§ **HOW TO COMPLETE THIS TASK**
Your answer should repeat exactly the lines from the one holding "Mr Steal Your" through the end of the data, and it should contain no pictures.

===== DATASET EXTRACT =====

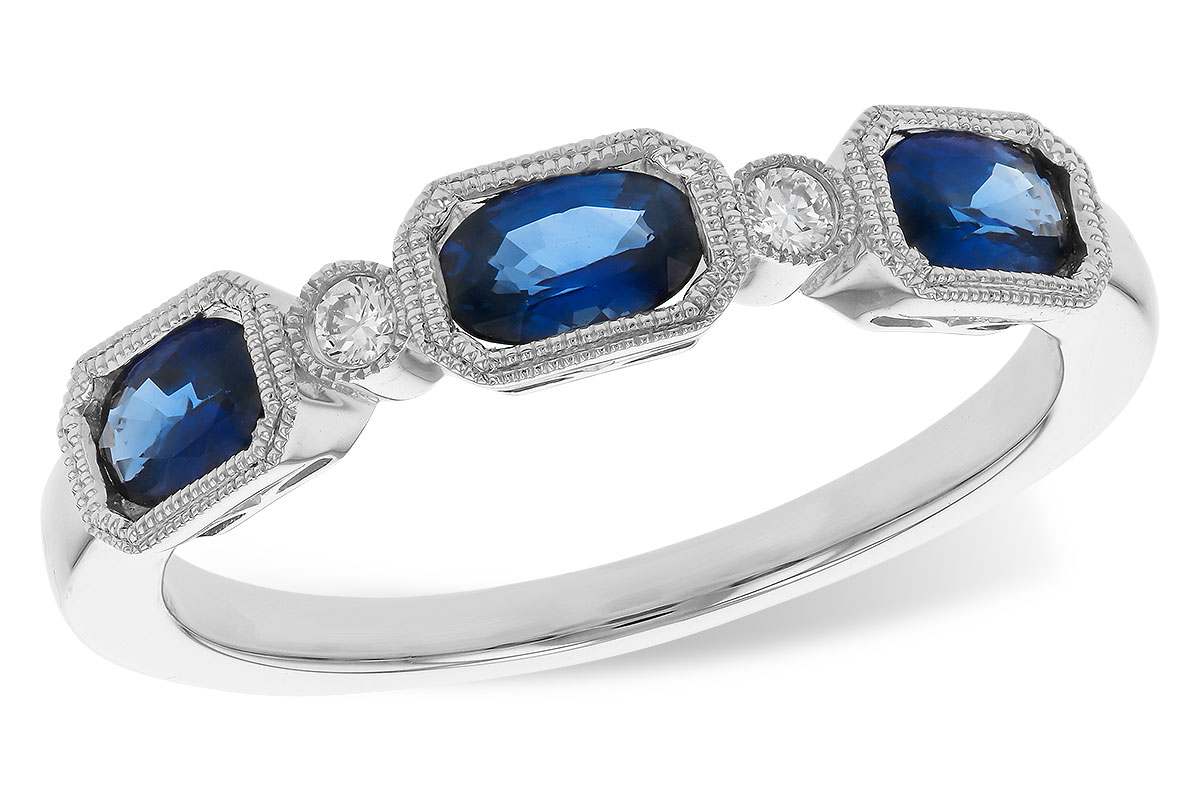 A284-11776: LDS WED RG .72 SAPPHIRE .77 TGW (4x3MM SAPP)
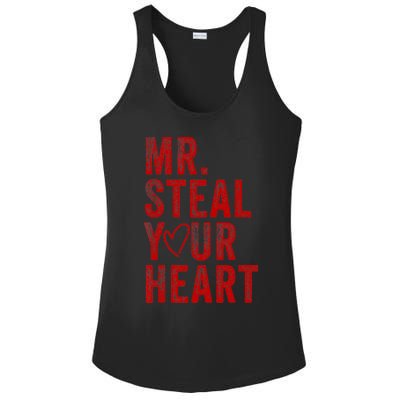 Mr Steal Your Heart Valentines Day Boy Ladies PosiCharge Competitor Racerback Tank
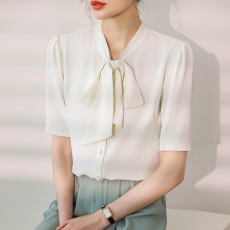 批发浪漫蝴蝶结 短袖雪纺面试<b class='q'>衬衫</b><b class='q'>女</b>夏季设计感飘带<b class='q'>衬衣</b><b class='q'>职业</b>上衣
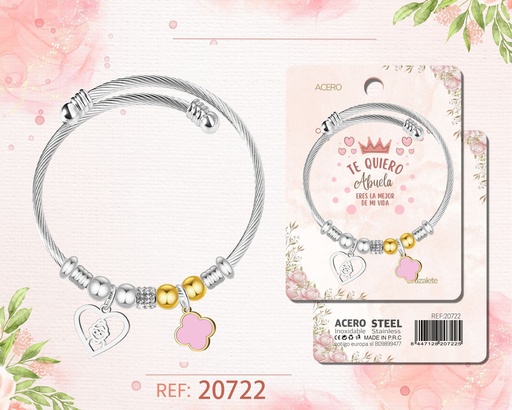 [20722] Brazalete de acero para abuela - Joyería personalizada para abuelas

=====

§ **OUTPUT FOR THIS EXERCISE**
 Mr Steal Your Heart Valentines Day Boy Ladies PosiCharge Competitor Racerback Tank
 批发浪漫蝴蝶结 短袖雪纺面试<b class='q'>衬衫</b><b class='q'>女</b>夏季设计感飘带<b class='q'>衬衣</b><b class='q'>职业</b>上衣
 [20722] Brazalete de acero para abuela - Joyería personalizada para abuelas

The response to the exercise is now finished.